AN ANIMAL welfare group from West Wickham has rescued more than 7,000 hens from slaughter.

Passive Pressure Animal Welfare Group took the hens from a free-range farm in Brighton and transported them to new homes across Bromley and north Kent.

The farmer in Brighton had asked the group to help save the hens, which are 72 weeks old and no longer producing a high yield of eggs.

It took the group six days to take the hens to their new homes, with six members using their cars and vans to transport the birds.

Jan Yarker, who founded the group nine years ago, said: “With this farm, each time the hens are close to 72 weeks we get planning to get as many as possible out.

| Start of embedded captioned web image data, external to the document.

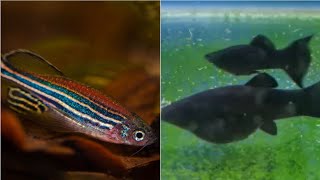 Can Zebra danio and mollies live together can Molly fish and zebra fish share the same aquarium [upl. by Sheppard]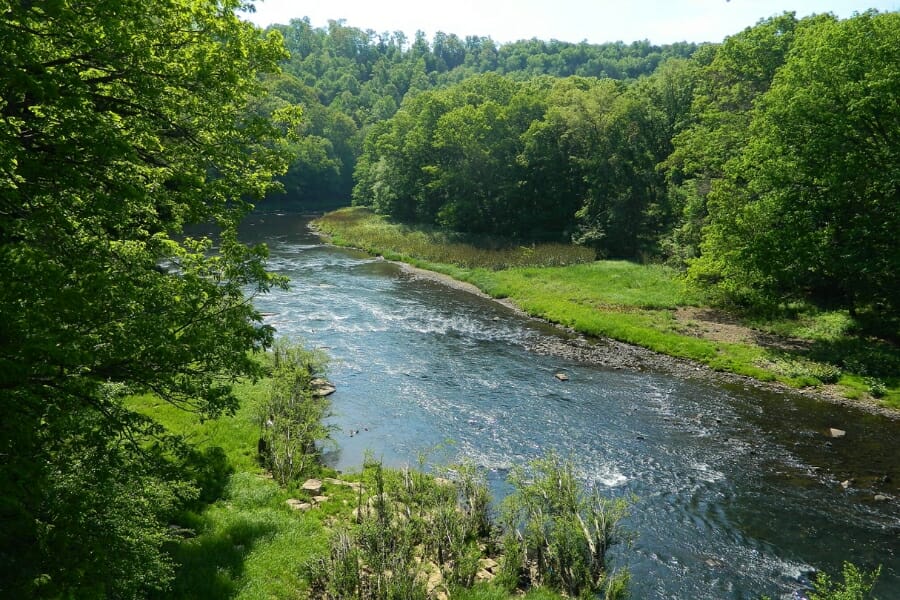 The rushing water at Redbank Creek surrounded by lush trees and forests where petrified wood can be found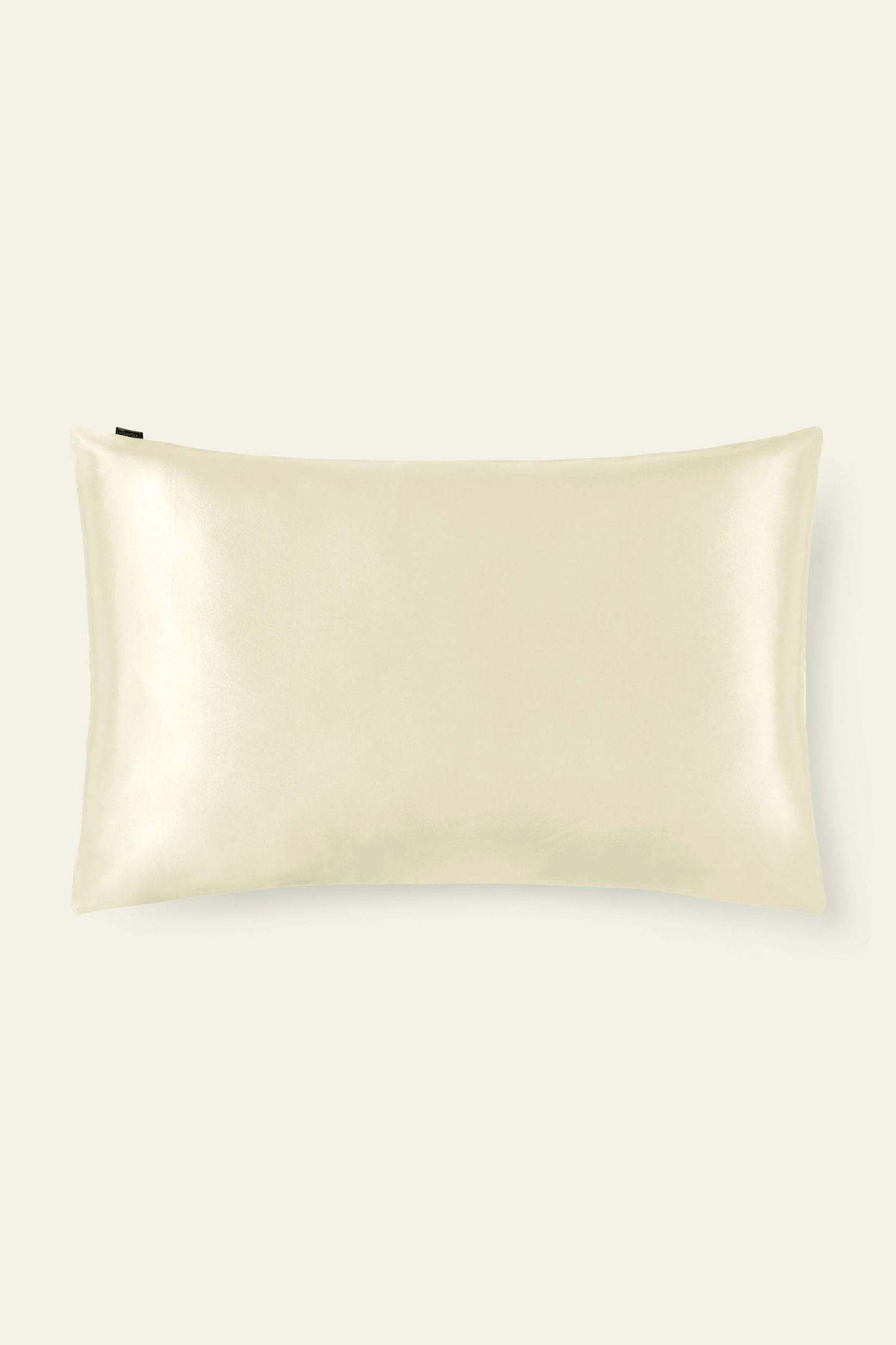 19 Momme Terse Envelope Silk Pillowcase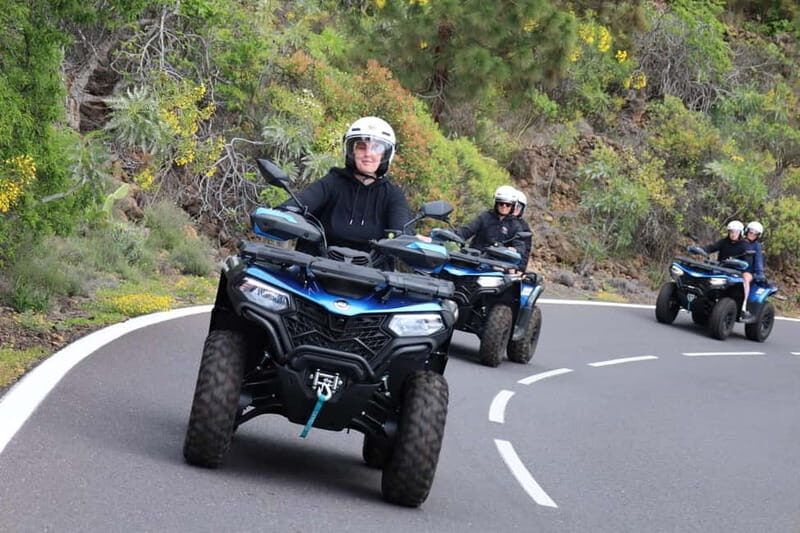 Puerto de la Cruz: Quad Trip Teide National Park - What Past Travelers Say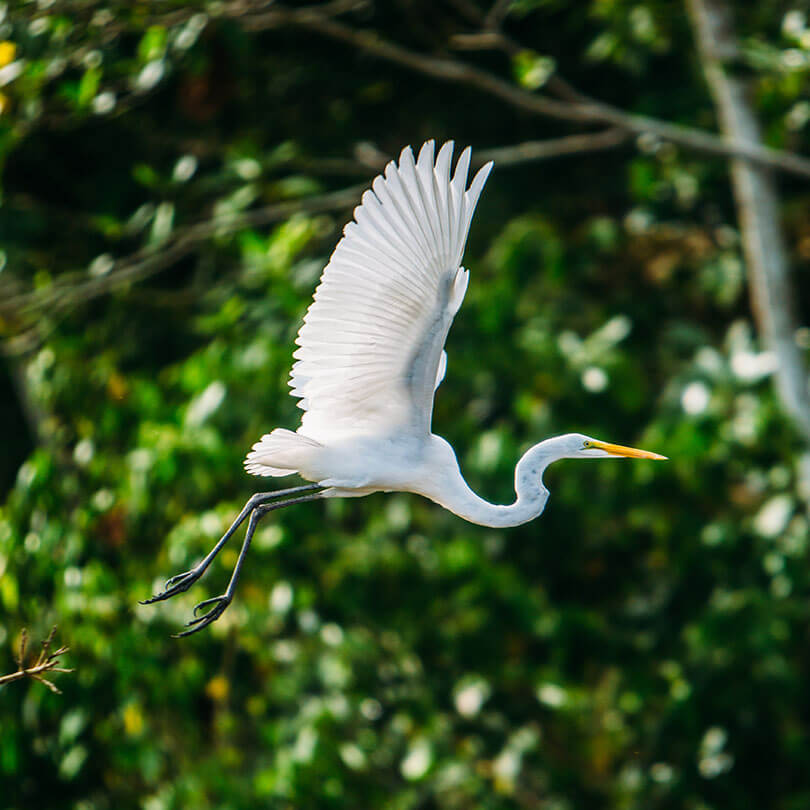 New 8-2016 Great Egret 2 - High Resolution.jpg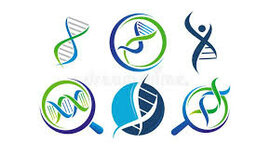 Timeline: La scoperta del DNA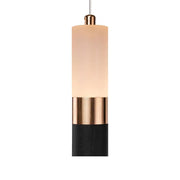 LED ADAM, 14W, akrylové a kovové, čierne so zlatým/horúcim/neutrálnym svetlom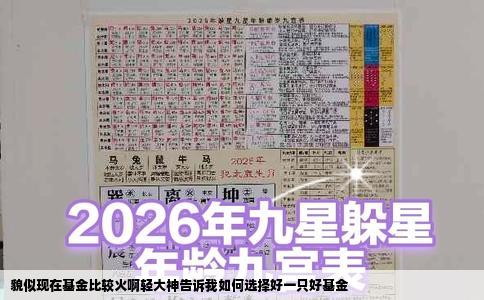 貌似现在基金比较火啊轻大神告诉我如何选择好一只好基金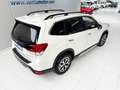 Subaru Forester 2.0i Hybrid Executive CVT Blanco - thumbnail 21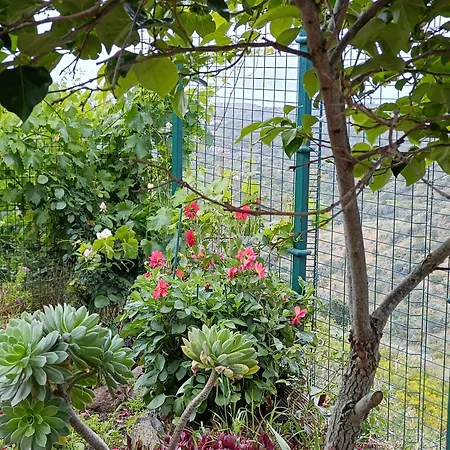 컨트리하우스 Casa Cueva El Balcon Del Cortijo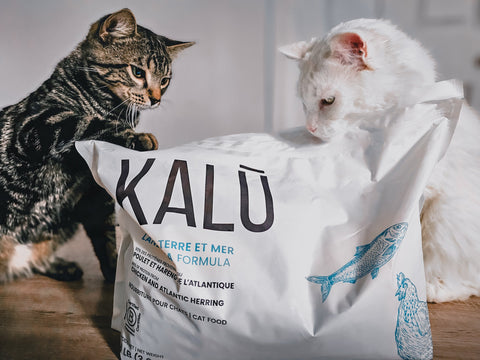 Chat dans un seau KALŪ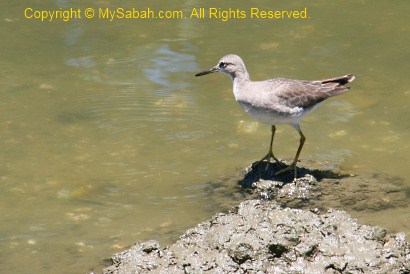 Common Sandpiper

“The rescued hens will now be able to live the rest of their lives as nature intended, dust bathing, scratching, nesting and socialising.

“However, there were still 5,000 hens that went to slaughter because we could not physically get them all out.”

Mrs Yarker, a 64-year-old mother-of-two, added: “In the intensive egg farming industry the fate of newly-born chicks is decided by their gender.

“The females either go into cruel battery cages, where they stay for 72 weeks, unable to even spread their wings, or are reared on free-range farms.

“Up to 40m male chicks a year will either be painfully gassed or minced alive for fertiliser.

“Once the hens reach 72 weeks they will be slaughtered for stock cubes or pet foods and the whole cruel process starts all over again.”